ThatsWhatIsLove said:


> Yes lets just keep making the same game every year. Add more characters, change the graphics, change the controls, yes thats a new game now!
> 
> I wish they would make a sandbox / rpg type DBZ game for consoles already, I've been waiting long enough ya bastards!



since the new generation the new games have less shit than the old games.


----------



## Malvingt2 (Dec 7, 2012)

Tenkaichi 3 is the best DBZ game imo.

I missed RB a lot tho. 

[YOUTUBE]http://www.youtube.com/watch?v=wfv2Ye9vxjI[/YOUTUBE]

[YOUTUBE]http://www.youtube.com/watch?v=aGgiIilZa74[/YOUTUBE]

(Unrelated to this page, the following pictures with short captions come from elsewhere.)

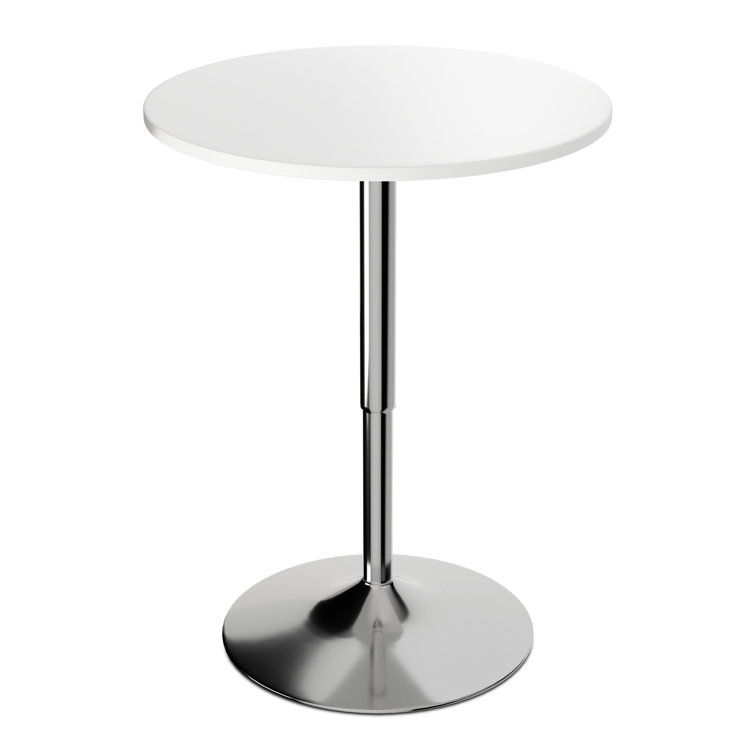 Ojavi Bistro Pub Table Round Adjustable Height Bar Cocktail Table Dining Table with Chrome Base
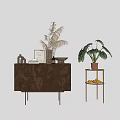 Modern Wooden Console Table And Side Table With Geometric Pattern Potted Plant Oranges And Books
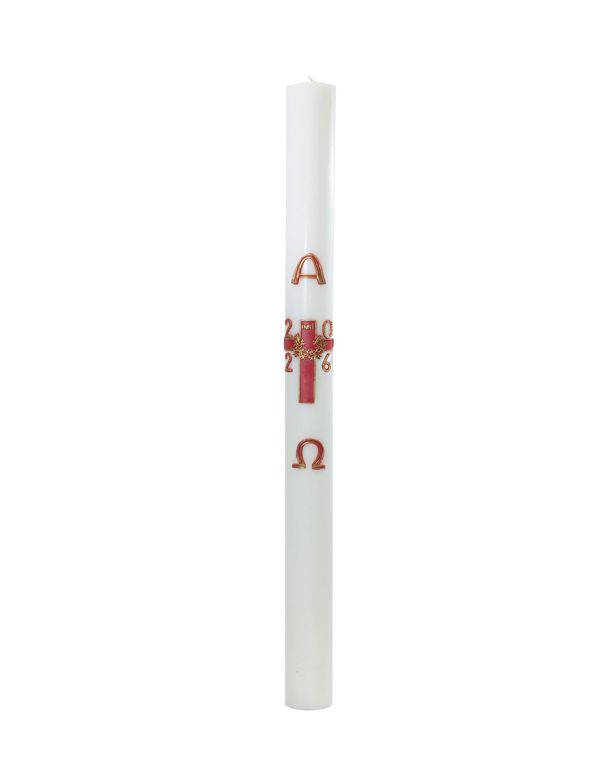 Cero pasquale con decoro in cera Ø 8 cm h. 120 cm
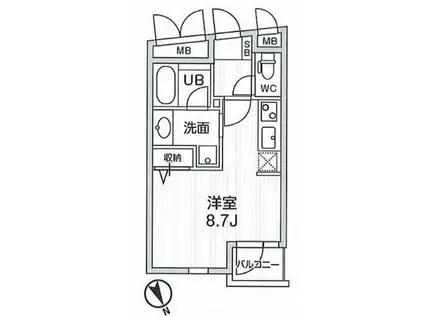 レジデンス白金高輪(ワンルーム/2階)の間取り写真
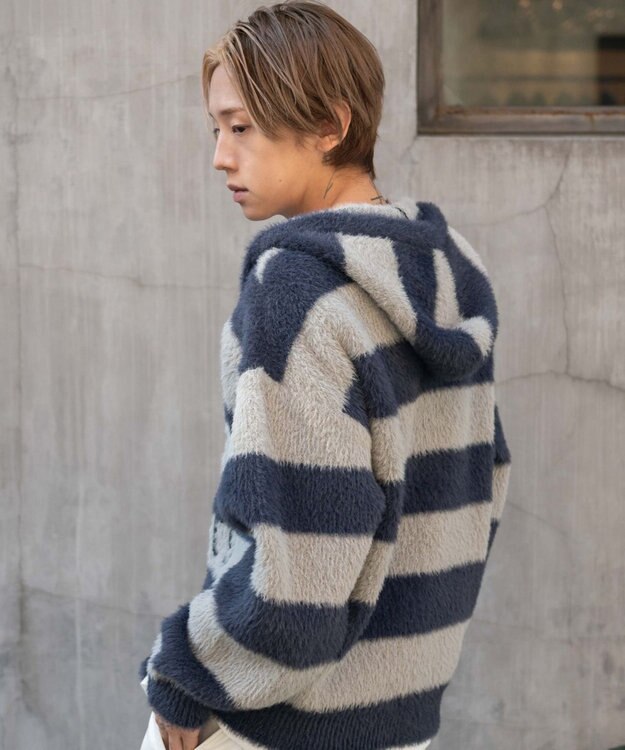 WEGO シャギーグラフィックZIPパーカー グレーボーダー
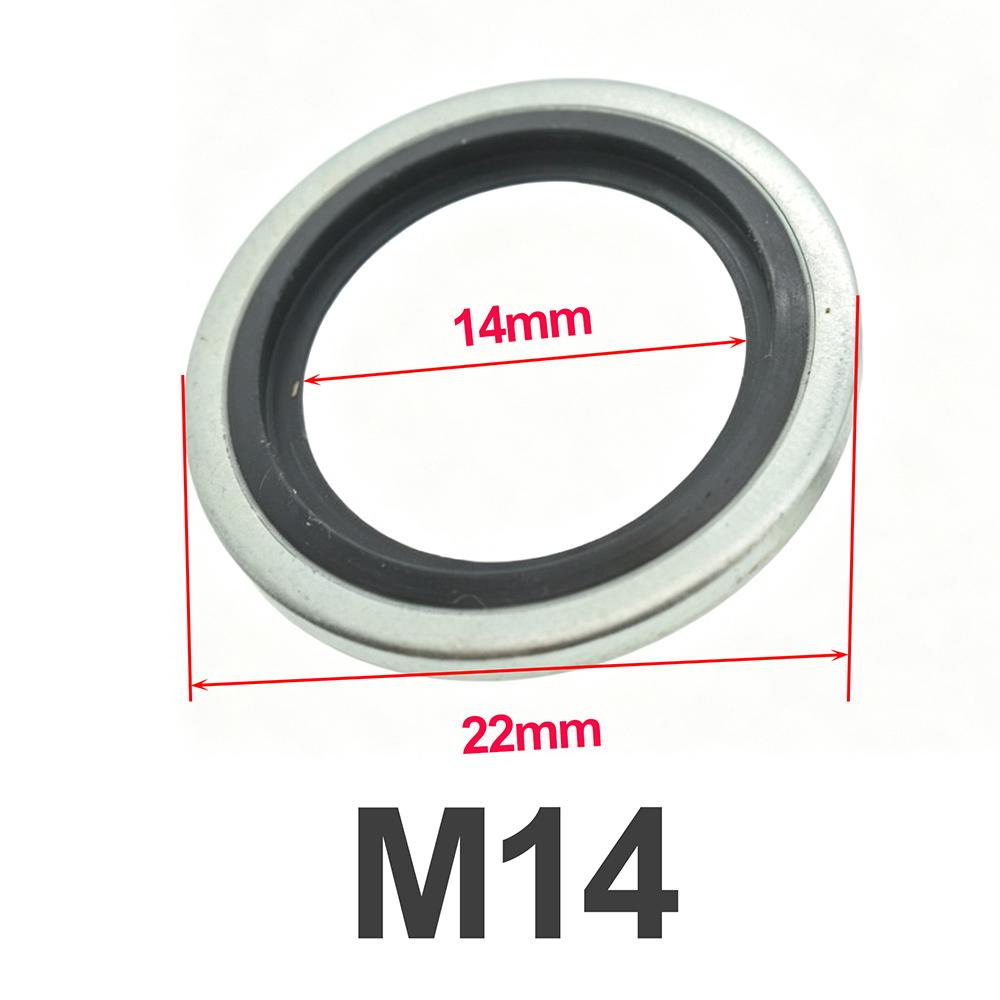 Car Oil Pan Drain Plug Washer Sealing Gasket M12 M14 Self Centering Galvanized Rubber Bonded Seal Washer Engine Oil Plug Washers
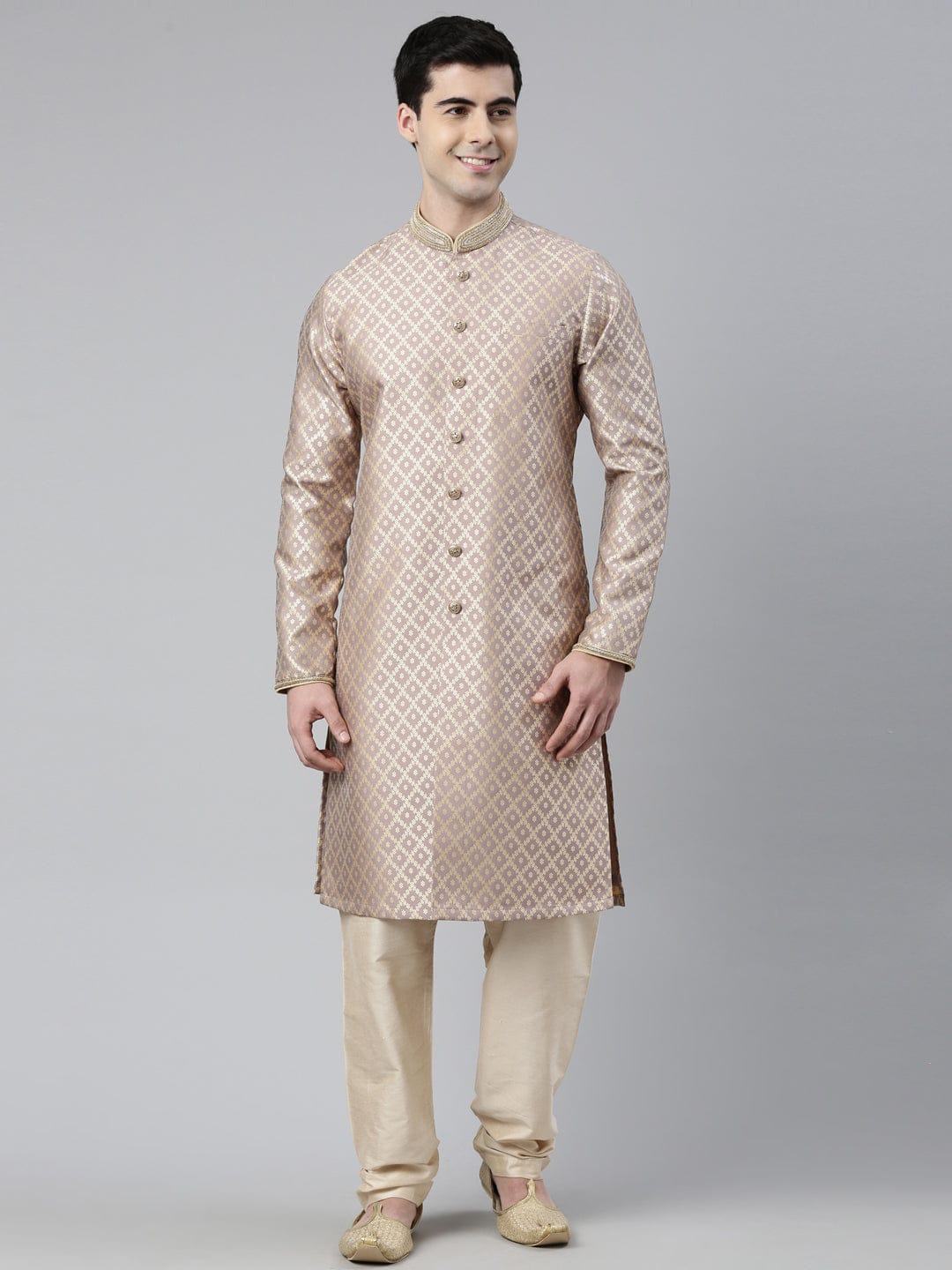 Old Rose with Golden Floral Jaal Open Kurta Set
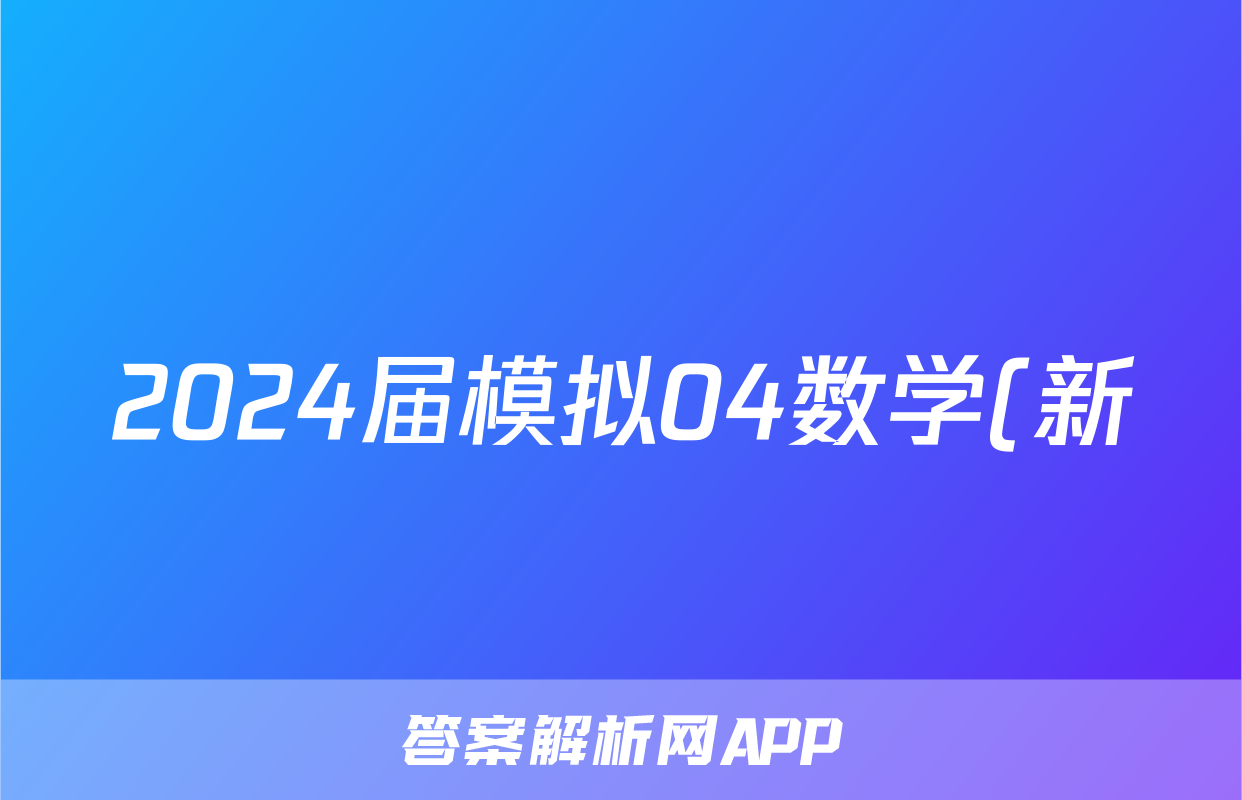 2024届模拟04数学(新)试题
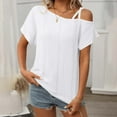 thumbnail image 6 of Moxiu Women's Tops One Shoulder Summer Short Sleeve T-Shirt 2025 Elegant Eyelet Spaghetti Strap Blouse Asymmetric Neck Casual Tops Tees White,M, 6 of 7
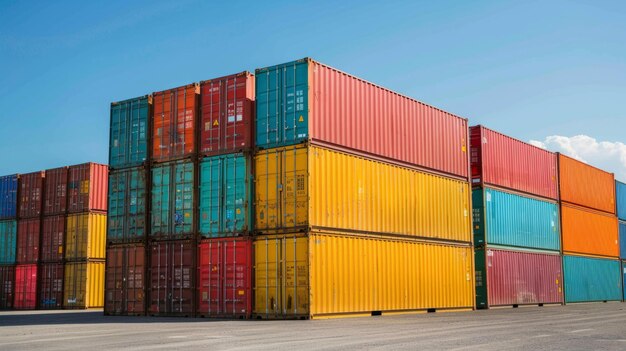 Een containerwerf waar goederen worden opgeslagen voor verzending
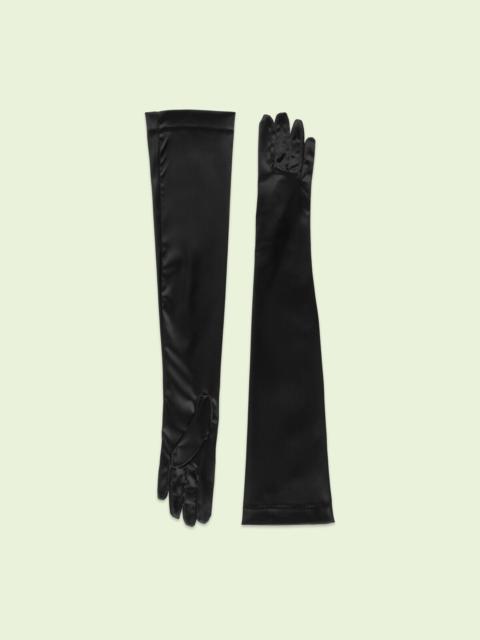 GUCCI Long satin gloves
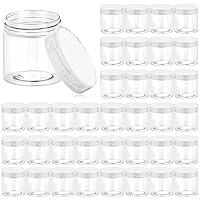 Vista 8 de Eternal Moment Paquete de 36 Frascos Contenedores de Plástico de 3 OZ Redondos Transparentes para Cosméticos con Tapas Blancas, Perfectos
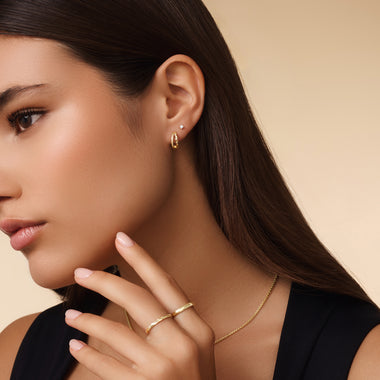 14 Karat Gold Hammered Double Huggie Hoops (12mm) - 7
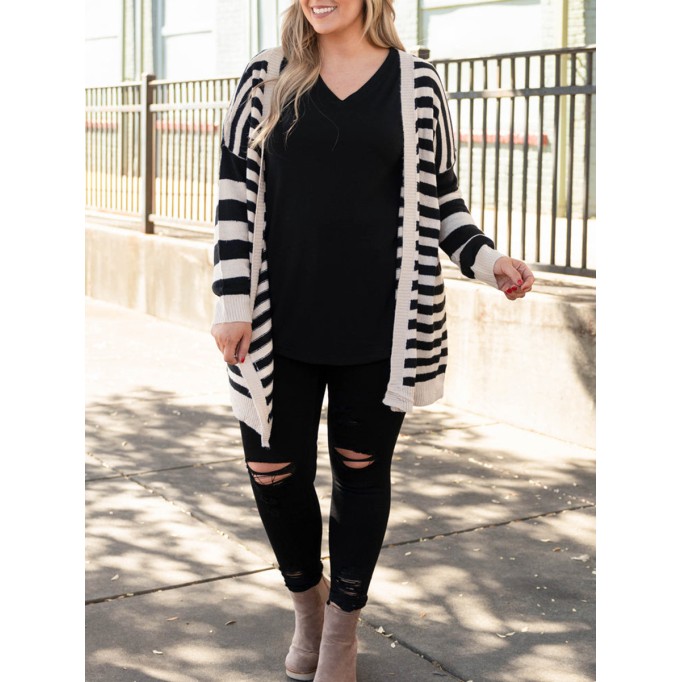 Black and white striped knitted cardigan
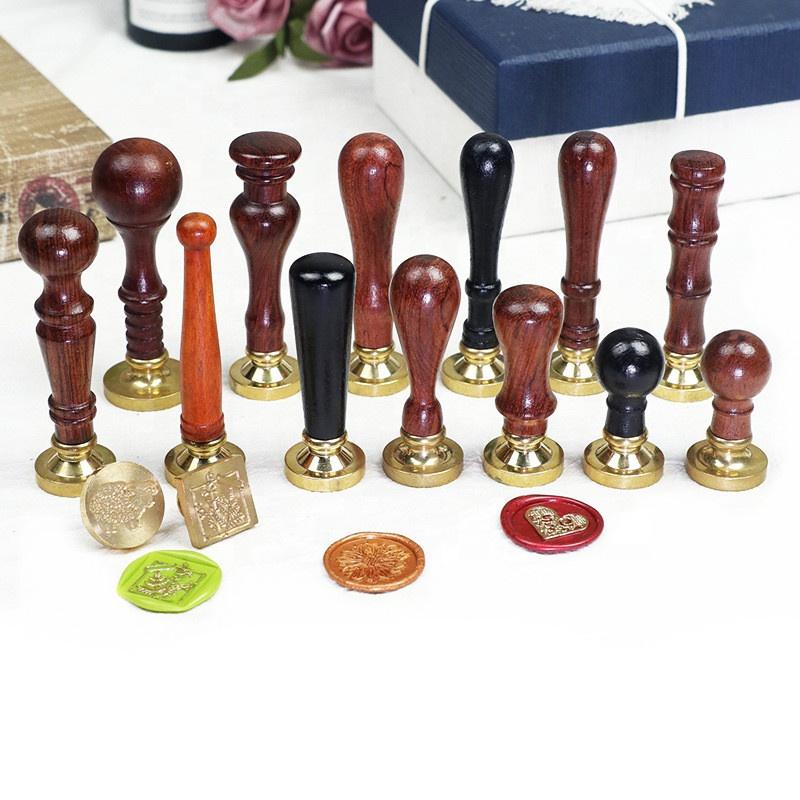 1Pcs Wooden Wax Sealing Stamp Handle Brass Head Retro Rosewood Handle Wax Seal Copper Head for Scrapbooking Envelope Seal Gifts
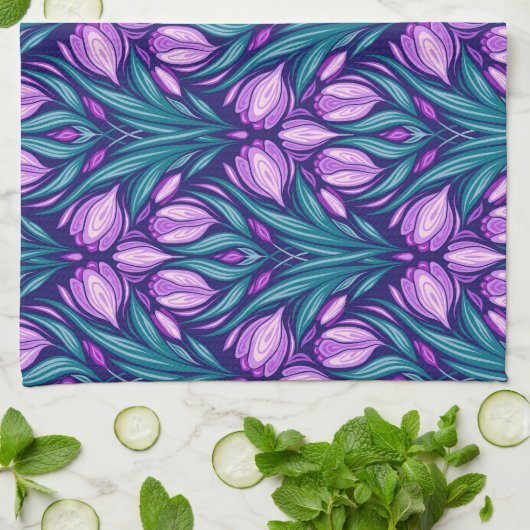 Voorjaarscrocussen Theedoek (Gevouwen)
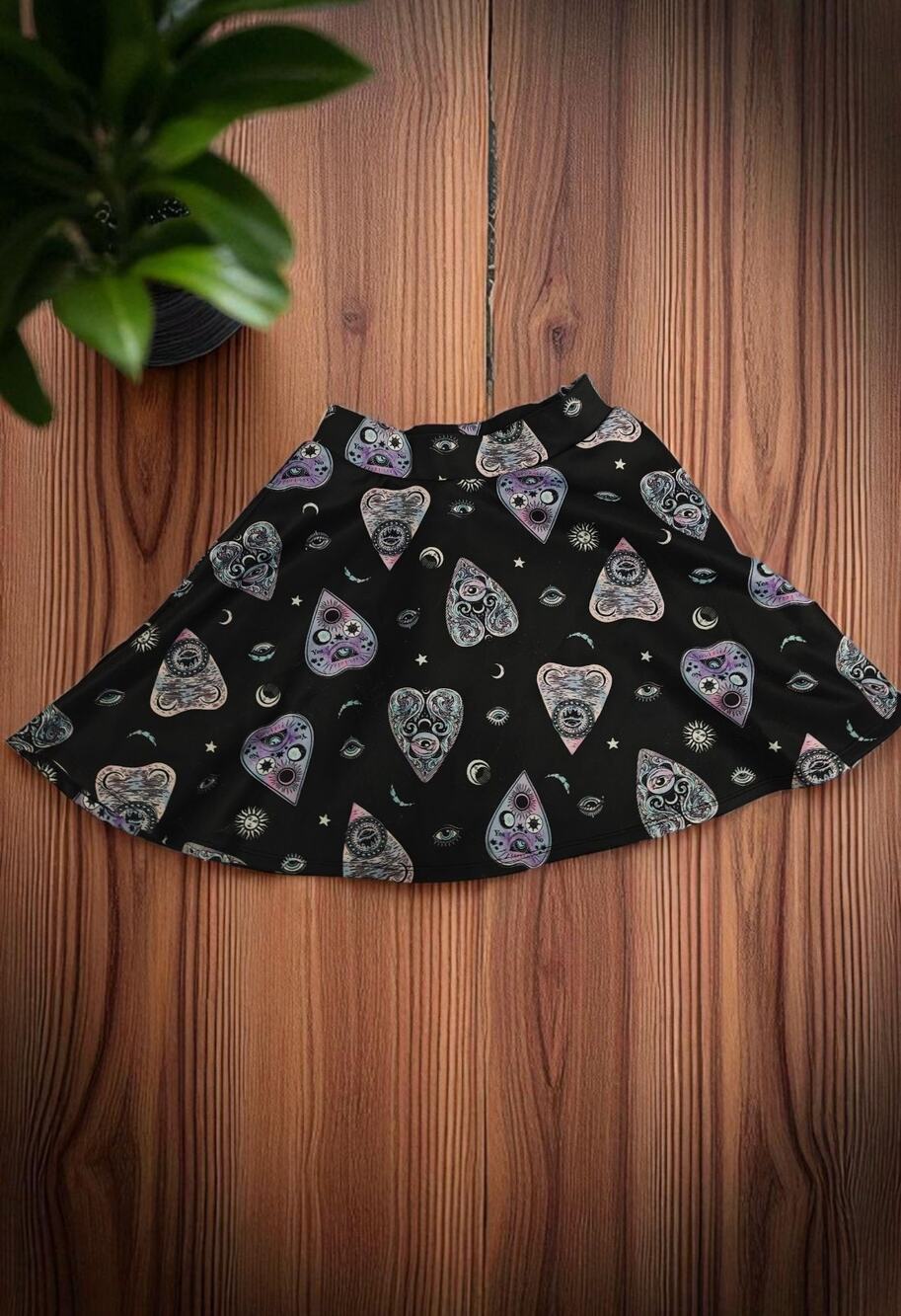 Midnight Hour Black/ Purple Planchett, Eye, Sun, Moon, Feather Goth Skirt Sz XS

[YOUTUBE]http://www.youtube.com/watch?v=oLzYUUrgVGs[/YOUTUBE]



 this was the right direction even with the flaws. Damn follow ups system ruined RB2 so bad..


----------



## DedValve (Dec 7, 2012)

Burst Limit 2. Burst limit had amazing potential and had it went up to the Buu saga I would have kept it (Adult Gohan is my absolute favorite character). 


I'm having a blast with Budokai 3 HD but I would really love to see where Burst Limit went had they kept going, the graphics where also the best (dat super saiyan glow). Seriously they decided to make Ultimate Tenkaichi over BL2? Shaking my goddamn head.


----------



## LegendarySaiyan (Dec 7, 2012)

DedValve said:


> Burst Limit 2. Burst limit had amazing potential and had it went up to the Buu saga I would have kept it (Adult Gohan is my absolute favorite character).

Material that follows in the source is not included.